唯一実績を上げたミサイル開発を大々的に誇示

 

 そんななか、「国防発展展覧会―自衛2021」(10・11~)の開会式は華々しかった。会場となった三代革命展示館。例によって、金正恩が到着すると、盛大な拍手で迎え、イスに座るとセレモニー。軍楽隊のパレード、特殊部隊のテッコンドウ演技、落下傘部隊、ジェット戦闘機による航空ショーと、さながらミニ閲兵式。この様子は、例の李春姫アナウンサーが感涙むせぶという独特の節回しで全国に放映された。

 

 困窮の度を強める北朝鮮の中で、唯一実行力を示せるのが核・ミサイル開発だ。それを誇示するための展覧会だ。金正恩は開会式で演説、「強力な軍事力保有の努力は中核的な国策」と強調したうえで、「無敵の軍事力の保有、強化はわが党の最重大政策で目標」「まず強くならなければならない」と、核ミサイル開発を今後も積極的に進める決意を述べた。

 

 この展覧会は初めての開催で、5年間に開発された兵器が展示されている。写真を見ると、ミサイルが中心、様々な種類が所狭しと並べられている。聯合ニュースによると、先月に試射した超音速ミサイル、連射発射弾道ミサイル、ミサイル防衛(MD)を無力化できる機動式再突入体(MARV)搭載の弾道ミサイル、それに初めて登場する新型大陸間弾道ミサイル(ICBM)も「火星17」と名前が付いていた。

 

 どこまで実用化が進んでいるかは不明だが、ミサイル開発を協力に進めていることは確かなようだ。金正恩の表情は誇らしげで、演説の後、展示会場で軍首脳等と生ビールのジョッキで乾杯、うまそうにたばこを吹かしていた。また、会場には金正恩の大型の肖像画が飾られていた。この展示こそ、祖父や父親ではなく自分自身の実績であることを誇る意向を反映したものだろう。

 

 これに先だって、北朝鮮はミサイルを三回発射した(9・11、9・15、9・28)。「最新型」「最新鋭」などと開発が進んでいることを内外に誇示するものだった。
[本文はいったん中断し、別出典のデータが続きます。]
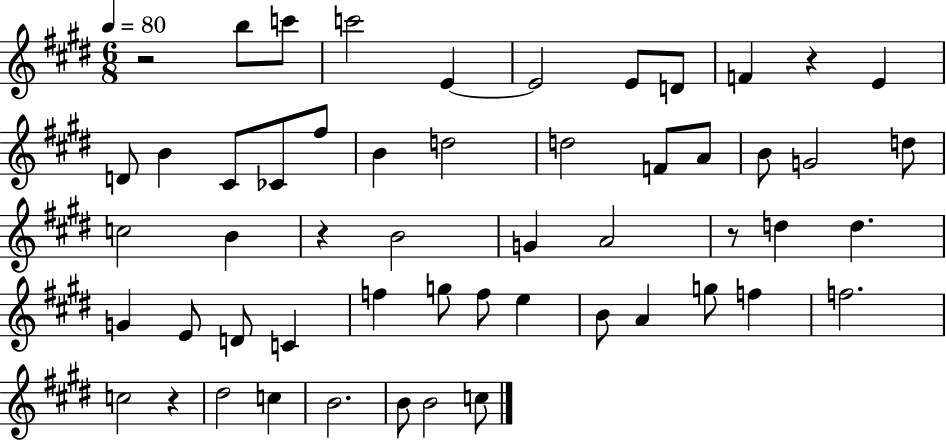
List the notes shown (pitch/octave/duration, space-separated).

R/h B5/e C6/e C6/h E4/q E4/h E4/e D4/e F4/q R/q E4/q D4/e B4/q C#4/e CES4/e F#5/e B4/q D5/h D5/h F4/e A4/e B4/e G4/h D5/e C5/h B4/q R/q B4/h G4/q A4/h R/e D5/q D5/q. G4/q E4/e D4/e C4/q F5/q G5/e F5/e E5/q B4/e A4/q G5/e F5/q F5/h. C5/h R/q D#5/h C5/q B4/h. B4/e B4/h C5/e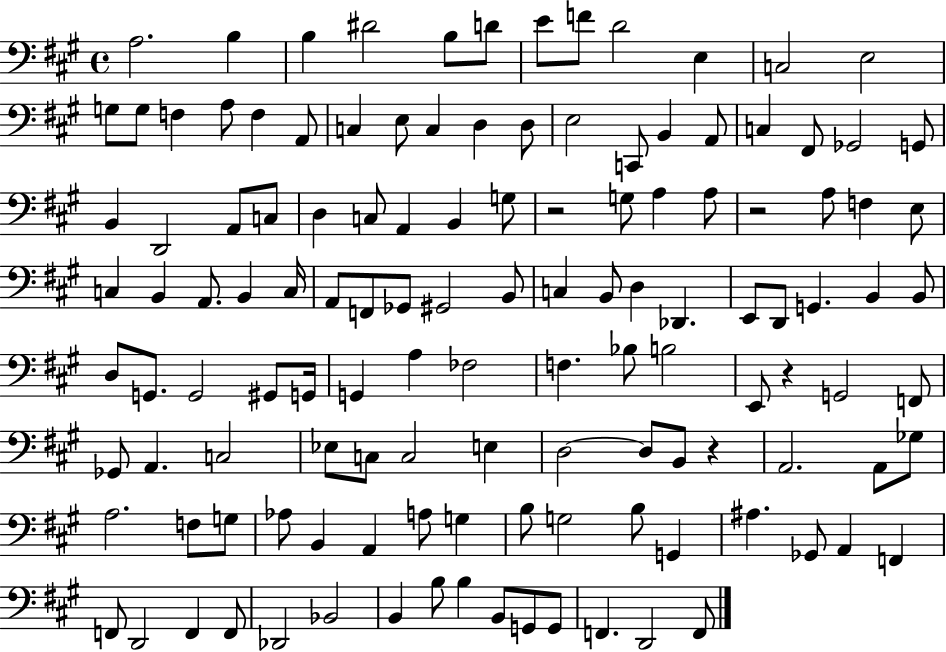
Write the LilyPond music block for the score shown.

{
  \clef bass
  \time 4/4
  \defaultTimeSignature
  \key a \major
  a2. b4 | b4 dis'2 b8 d'8 | e'8 f'8 d'2 e4 | c2 e2 | \break g8 g8 f4 a8 f4 a,8 | c4 e8 c4 d4 d8 | e2 c,8 b,4 a,8 | c4 fis,8 ges,2 g,8 | \break b,4 d,2 a,8 c8 | d4 c8 a,4 b,4 g8 | r2 g8 a4 a8 | r2 a8 f4 e8 | \break c4 b,4 a,8. b,4 c16 | a,8 f,8 ges,8 gis,2 b,8 | c4 b,8 d4 des,4. | e,8 d,8 g,4. b,4 b,8 | \break d8 g,8. g,2 gis,8 g,16 | g,4 a4 fes2 | f4. bes8 b2 | e,8 r4 g,2 f,8 | \break ges,8 a,4. c2 | ees8 c8 c2 e4 | d2~~ d8 b,8 r4 | a,2. a,8 ges8 | \break a2. f8 g8 | aes8 b,4 a,4 a8 g4 | b8 g2 b8 g,4 | ais4. ges,8 a,4 f,4 | \break f,8 d,2 f,4 f,8 | des,2 bes,2 | b,4 b8 b4 b,8 g,8 g,8 | f,4. d,2 f,8 | \break \bar "|."
}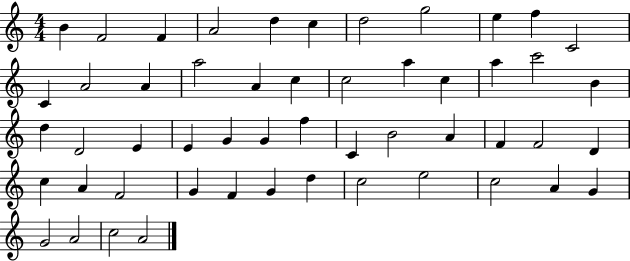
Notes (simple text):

B4/q F4/h F4/q A4/h D5/q C5/q D5/h G5/h E5/q F5/q C4/h C4/q A4/h A4/q A5/h A4/q C5/q C5/h A5/q C5/q A5/q C6/h B4/q D5/q D4/h E4/q E4/q G4/q G4/q F5/q C4/q B4/h A4/q F4/q F4/h D4/q C5/q A4/q F4/h G4/q F4/q G4/q D5/q C5/h E5/h C5/h A4/q G4/q G4/h A4/h C5/h A4/h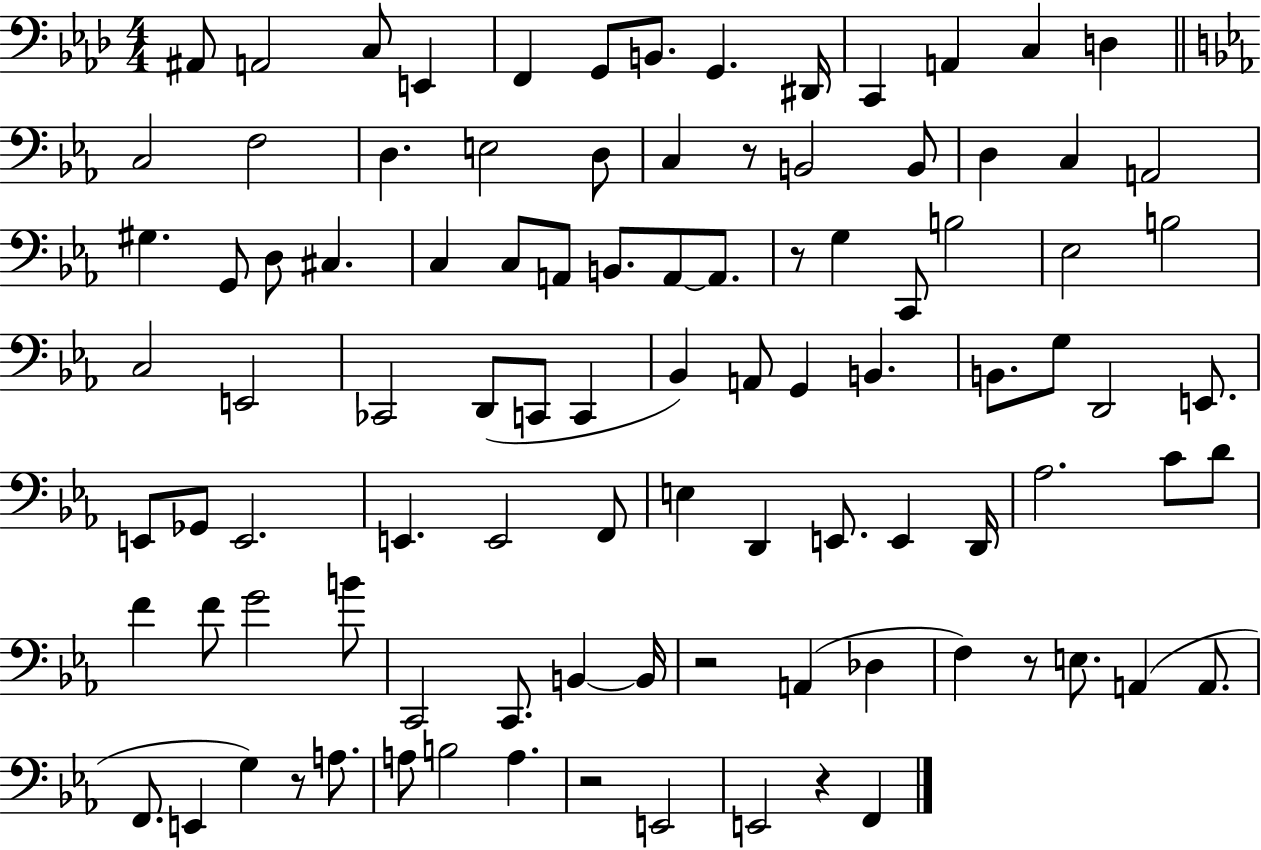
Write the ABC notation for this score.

X:1
T:Untitled
M:4/4
L:1/4
K:Ab
^A,,/2 A,,2 C,/2 E,, F,, G,,/2 B,,/2 G,, ^D,,/4 C,, A,, C, D, C,2 F,2 D, E,2 D,/2 C, z/2 B,,2 B,,/2 D, C, A,,2 ^G, G,,/2 D,/2 ^C, C, C,/2 A,,/2 B,,/2 A,,/2 A,,/2 z/2 G, C,,/2 B,2 _E,2 B,2 C,2 E,,2 _C,,2 D,,/2 C,,/2 C,, _B,, A,,/2 G,, B,, B,,/2 G,/2 D,,2 E,,/2 E,,/2 _G,,/2 E,,2 E,, E,,2 F,,/2 E, D,, E,,/2 E,, D,,/4 _A,2 C/2 D/2 F F/2 G2 B/2 C,,2 C,,/2 B,, B,,/4 z2 A,, _D, F, z/2 E,/2 A,, A,,/2 F,,/2 E,, G, z/2 A,/2 A,/2 B,2 A, z2 E,,2 E,,2 z F,,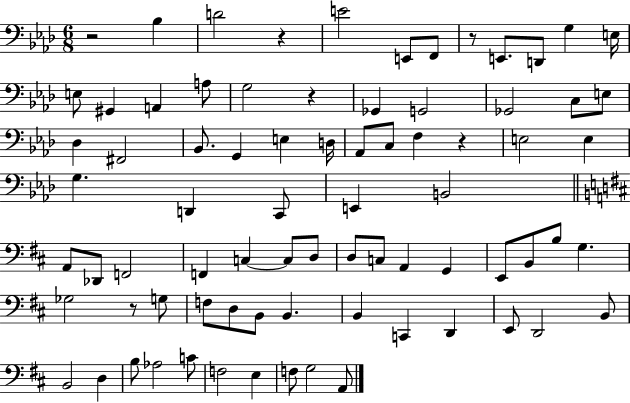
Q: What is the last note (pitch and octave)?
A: A2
いずれも、今回の展覧会に展示されているが、これらの発射は、展覧会の前触れ、祝砲だったようだ。

 

 「屈強な防衛力が凝縮された展覧会に観覧の人派が続いている」(10・14朝鮮中央通信)。党や公務員、軍関係者はもちろん、あらゆる機関が動員されている。この様子が連日のようにテレビや労働新聞などで報道されている。全国からも参観の団体が来るというか動員されているようだ。連合ニュースは「強力な国防力を備えたと国民に自負させる狙い」、三重苦で疲弊する住民の「関心を他にそらし、体制への忠誠心を高めたい思惑」があると分析する。

 

最新兵器で腹は満たされず

 

 この展覧会の様子を紹介するにつけても、「人民生活の向上」・民生経済の停滞・混迷との落差がより鮮明になる。別の見方をすると、少ない外貨や資源を「世界に誇る」核ミサイル開発につぎ込んでいるからとあらためてそう思う。国家運営の目標が「人民の忠僕」になっていないのだ。

 

 理屈としては、国家が米国などから攻められないように頑張っているからこそ、人民は安心して暮らしていける。ということだろう。しかし、見学した一時は、この軍事力を誇らしく思うだろうが、空腹が満たせるものではない。それでも核ミサイルに固執するのは、独裁体制を守るために強固な鎧が必要ということだろう。「富国強兵」という言葉があるが、「強兵」を先にした国家がずっと続いた歴史はない。

 

 金正恩の演説のいくつかは、人民は「学習」の主要な内容だ。先に紹介した「歴史的な施政演説」の全文は、「各級党、勤労者団体、人民政権機関、武力機関‥‥に配布される」と朝鮮中央通信はわざわざ記している。毎週金曜日には「生活総和」が開かれ、ほぼ全国民が学習させられ、時として暗唱させられる。そして反省させられる。「首領様」の演説は、人民の負担が増えることにもつながる。

 

 「会議は踊る」。90年ほど前の映画のタイトルだが、フランスの諺では「されど進まず」と続く。いま、北朝鮮では会議や演説が事あるごとに「踊っている」。しかし、肝心の苦境脱出の見通しは立たない。金正恩は「5年の間に人民の食衣住を解決」と約束したが、具体策が伴わない限り、ミサイル開発のように解決への道筋は見えない。